[TASK PROMPT]:
Begin at the line below that has "Lulumoon muslin nursing". Stop after the line that has "Fruits Pattern Background", repeating each line exactly and leaving out the pictures.

[SUPPLIED RECORDS]:
┏━━
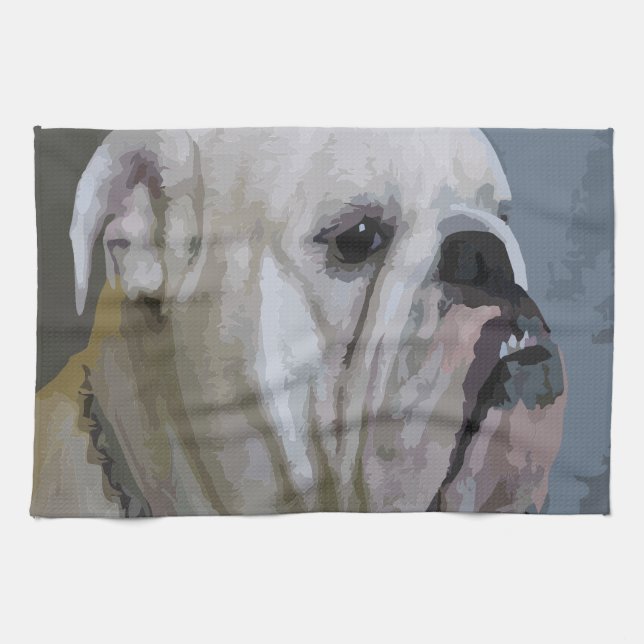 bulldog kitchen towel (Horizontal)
┗━━
┏━━
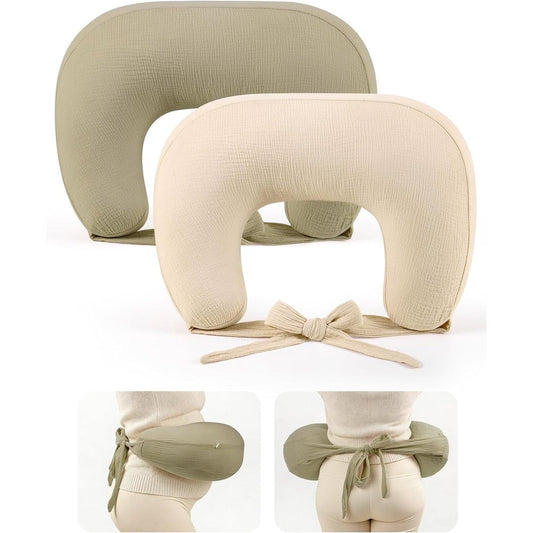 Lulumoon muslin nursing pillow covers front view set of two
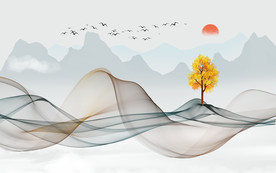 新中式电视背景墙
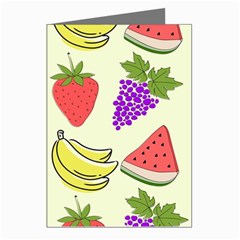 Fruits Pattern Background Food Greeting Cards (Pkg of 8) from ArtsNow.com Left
┗━━
[RESPONSE]:
 Lulumoon muslin nursing pillow covers front view set of two
 新中式电视背景墙
 Fruits Pattern Background Food Greeting Cards (Pkg of 8) from ArtsNow.com Left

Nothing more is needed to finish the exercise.